The Markit Flash U.S. Manufacturing Purchasing Managers' Index (PMI) increased an estimated 0.4% to 53.9 for August, according to a Markit report (link opens as PDF) released today, suggesting a "moderate expansion" of the manufacturing sector.

The "flash" estimate is typically based on approximately 85% to 90% of total PMI survey responses each month and is designed to provide an advance indication of the final PMI data. An above-50 reading denotes general growth, while below 50 signals contraction. Markit is a global financial information services company.

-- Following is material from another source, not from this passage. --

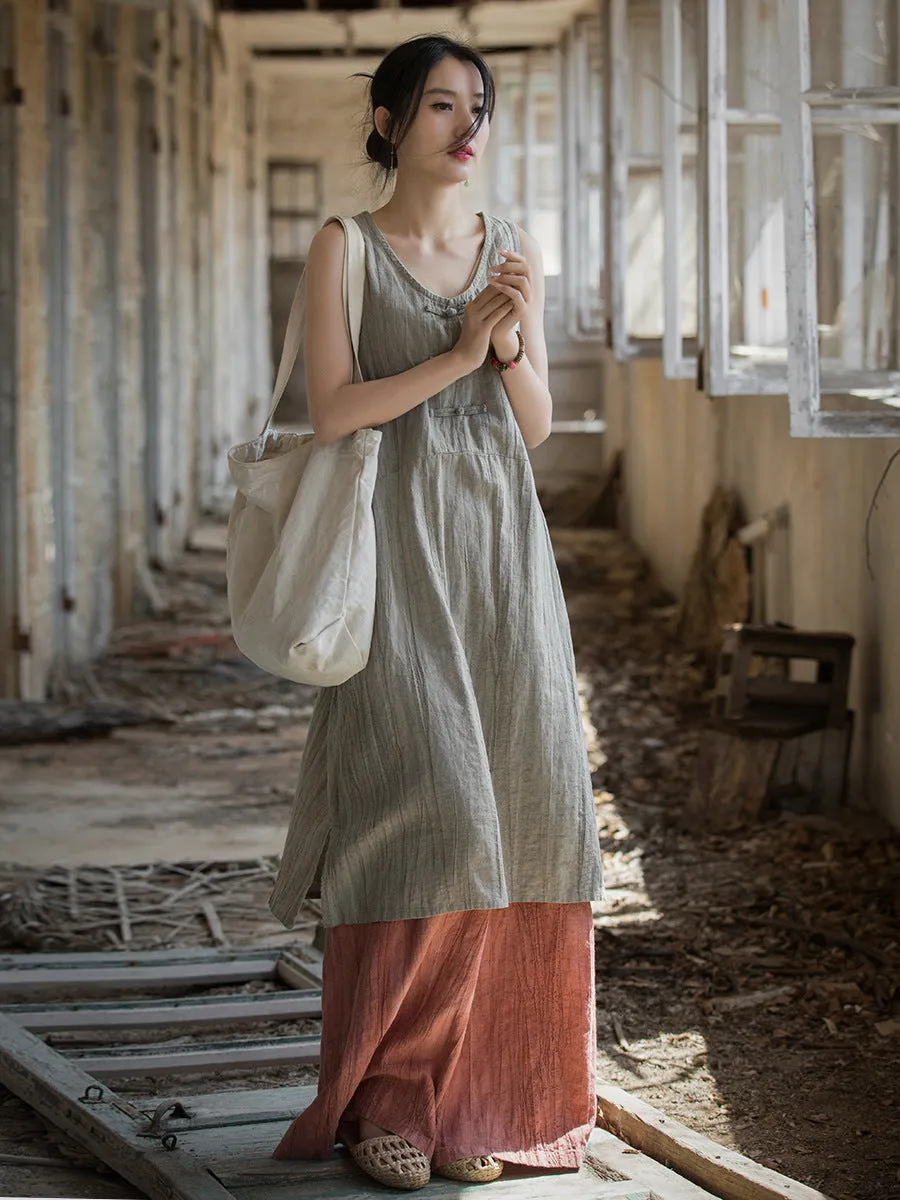FLYTONN- Women Summer Vintage Tie-dye Ramie Vest Dress WE1035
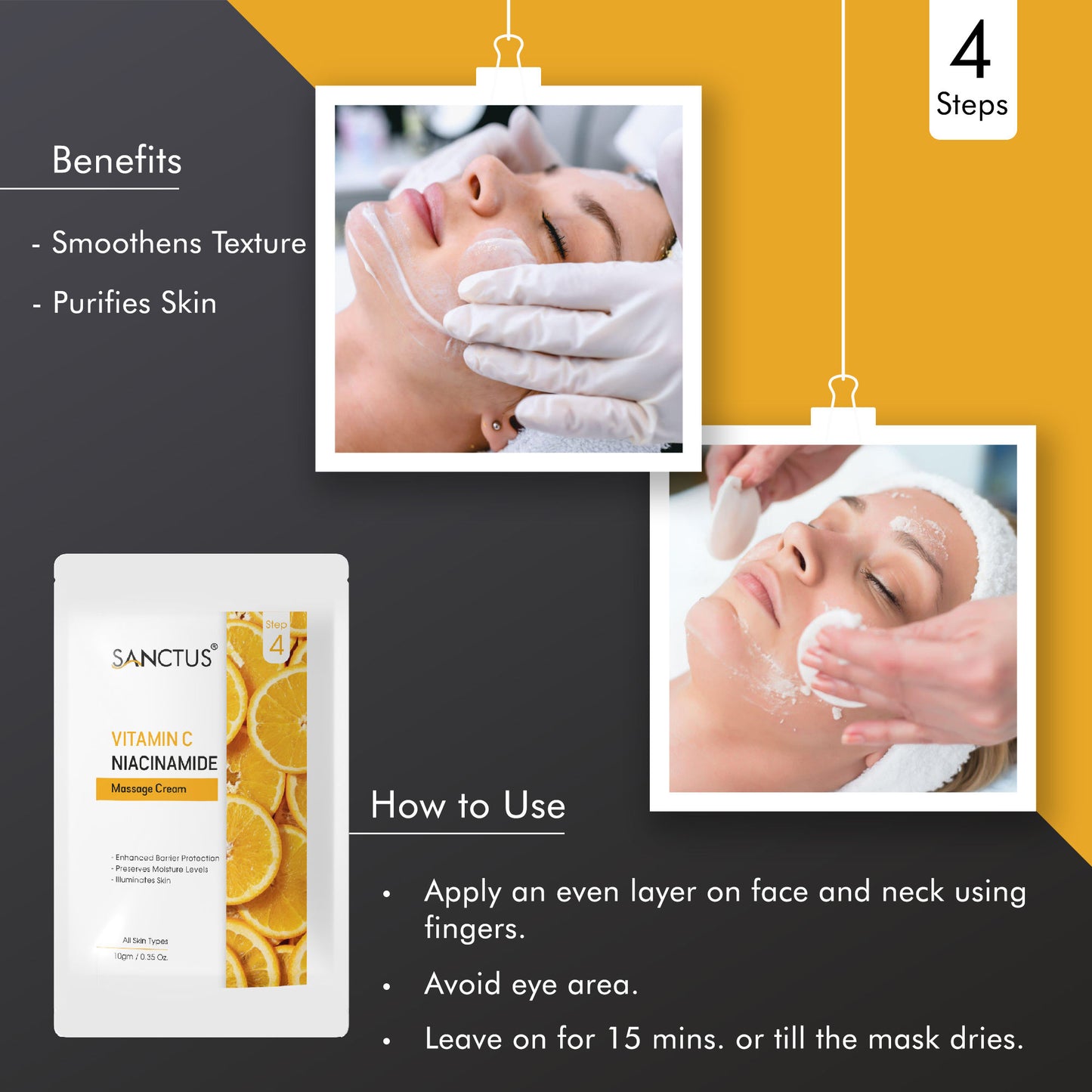 SANCTUS Vitamin C & Niacinamide Single Use Facial Kit - Distacart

This month's report marks the strongest manufacturing improvements in five months. Analysts were pleasantly surprised by the news, having expected a slight fall from July's final 53.7 reading  to 53.5. 

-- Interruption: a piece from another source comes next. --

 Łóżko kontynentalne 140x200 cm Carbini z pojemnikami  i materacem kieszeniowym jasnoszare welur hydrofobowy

Digging deeper, many of the index's most important components continue to improve. New orders added on one point to hit 56.5, a seven-month high. Although today's report from the Labor Department  on initial jobless claims showed a 4% week-to-week increase, employment in the latest Markit report expanded 0.2 points to register at 53.2. New export orders and output also expanded in the Markit report, but at a slower rate. Inventories generally contracted, as did backlogs of work.

"The U.S. manufacturing sector saw only modest growth of production in August, suggesting that the economy is continuing to recover in the third quarter but that the pace of expansion remains disappointingly sluggish," said Markit Chief Economist Chris Williamson in a statement today. "Hopefully the faster growth of new orders seen during August will translate into increasingly strong production gains in coming months, and also boost hiring."

Williamson also noted that this month's report might contribute to the Fed's assessment of an improving economy -- something that will play into when the Fed tapers off asset purchases. But Williamson noted that growth remains "fragile," and said the Federal Open Market Committee should ensure policy "is not tightened too fast."